# WHAT YOU NEED TO DO
Please, without any pictures, set down exactly the part of the listing below that opens with the line containing "Winter-Jasmin – Jasminum nudiflorum" and closes with the line containing "Saguaro-Kaktus in McDowell".

Start of GIVEN INFORMATION

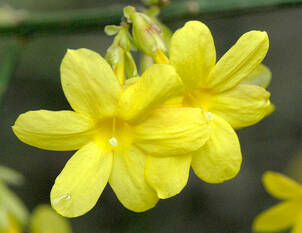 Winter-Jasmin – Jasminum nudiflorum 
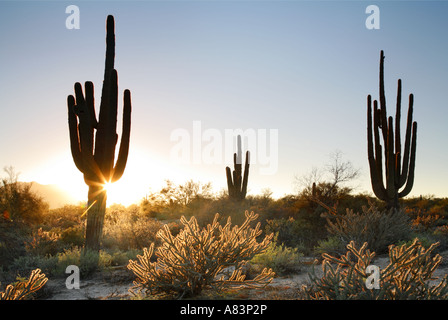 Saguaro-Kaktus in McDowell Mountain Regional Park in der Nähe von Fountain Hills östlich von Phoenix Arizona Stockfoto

End of GIVEN INFORMATION
Start of GIVEN INFORMATION

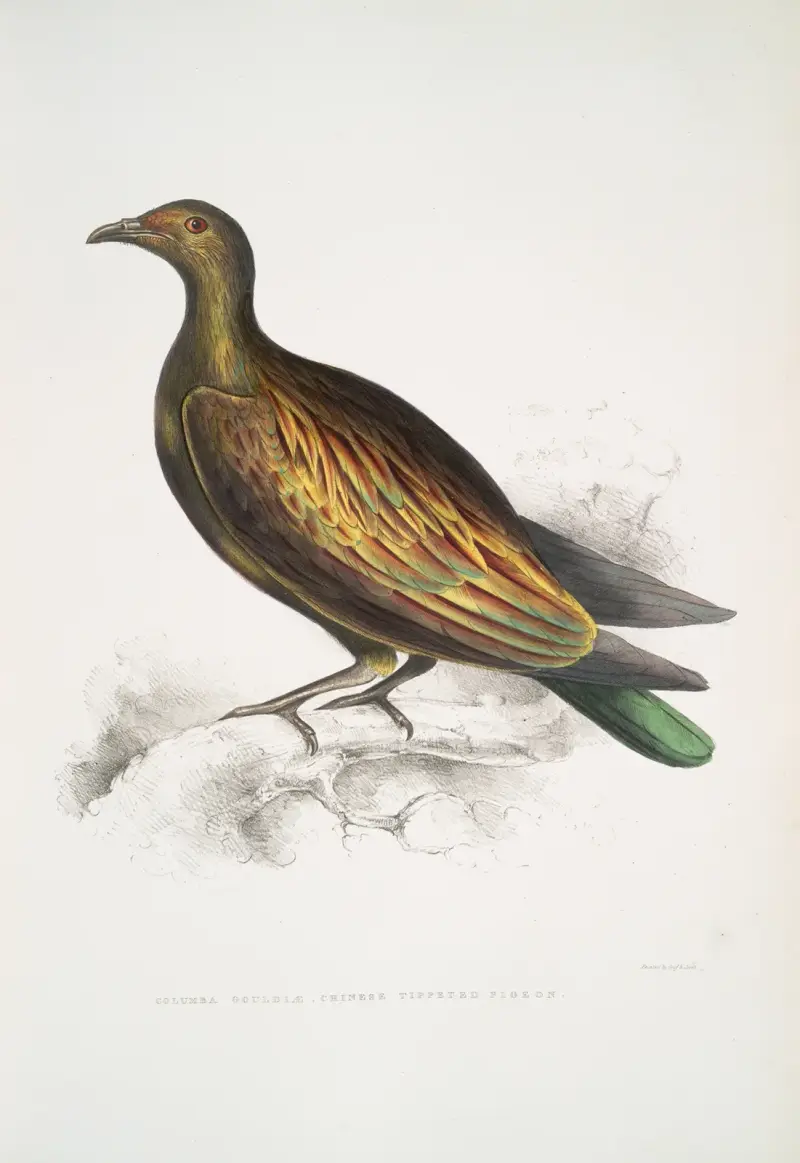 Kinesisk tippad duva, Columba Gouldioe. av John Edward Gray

End of GIVEN INFORMATION
Start of GIVEN INFORMATION

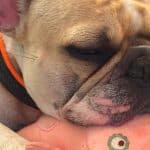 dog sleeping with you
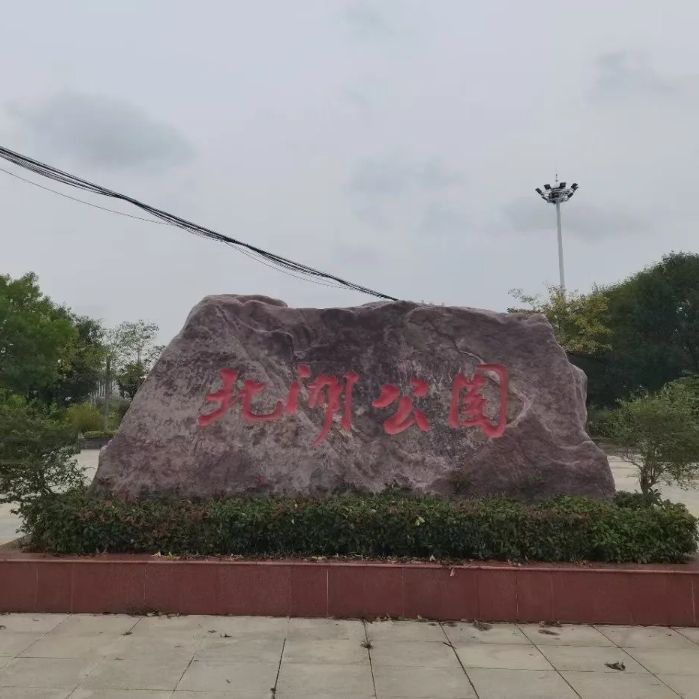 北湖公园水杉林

End of GIVEN INFORMATION

# PROBLEM SOLUTION
 Winter-Jasmin – Jasminum nudiflorum 
 Saguaro-Kaktus in McDowell Mountain Regional Park in der Nähe von Fountain Hills östlich von Phoenix Arizona Stockfoto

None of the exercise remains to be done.